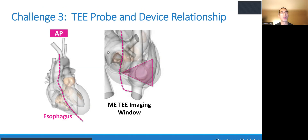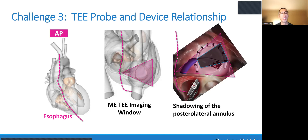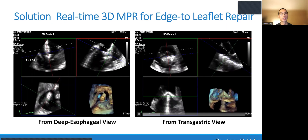Another challenge is the TEE probe and device relationship. While the esophagus is posterior, the device is actually more in the SVC-IVC area facing the tricuspid valve, so shadowing of the posterior lateral annulus is possible, especially with an annuloplasty device.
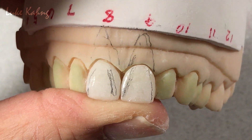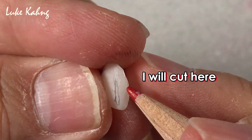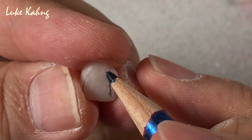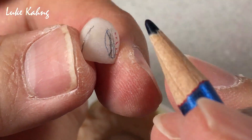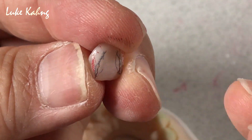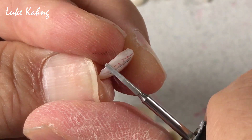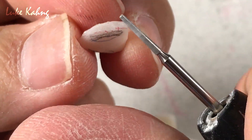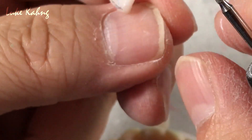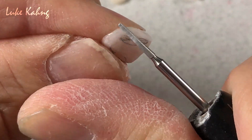So what I do right now — I am trying to cut it in this area. And then I can maximize this one in the lower direction. So I have to grind this with a diamond ball, like this. So I can make it more distinguished in the lower direction.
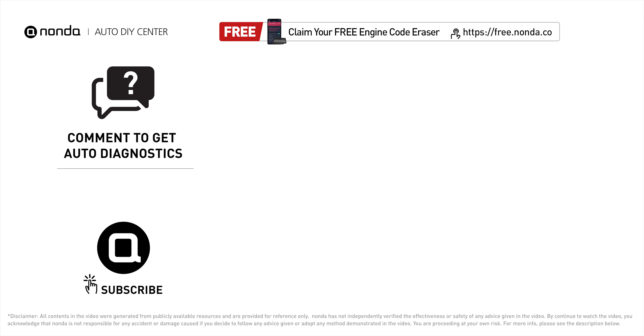Check out the video here for more info. You're also welcome to leave comments below — our mechanic professionals will answer them shortly. Don't forget to like and subscribe to our channel. Thanks again for watching this video.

WORK REQUIRED:
Your copy of the data should match it exactly, apart from the images, which are omitted.

RESULT FOR THIS EXERCISE:
Another challenge is the TEE probe and device relationship. While the esophagus is posterior, the device is actually more in the SVC-IVC area facing the tricuspid valve, so shadowing of the posterior lateral annulus is possible, especially with an annuloplasty device.
So what I do right now — I am trying to cut it in this area. And then I can maximize this one in the lower direction. So I have to grind this with a diamond ball, like this. So I can make it more distinguished in the lower direction.
Check out the video here for more info. You're also welcome to leave comments below — our mechanic professionals will answer them shortly. Don't forget to like and subscribe to our channel. Thanks again for watching this video.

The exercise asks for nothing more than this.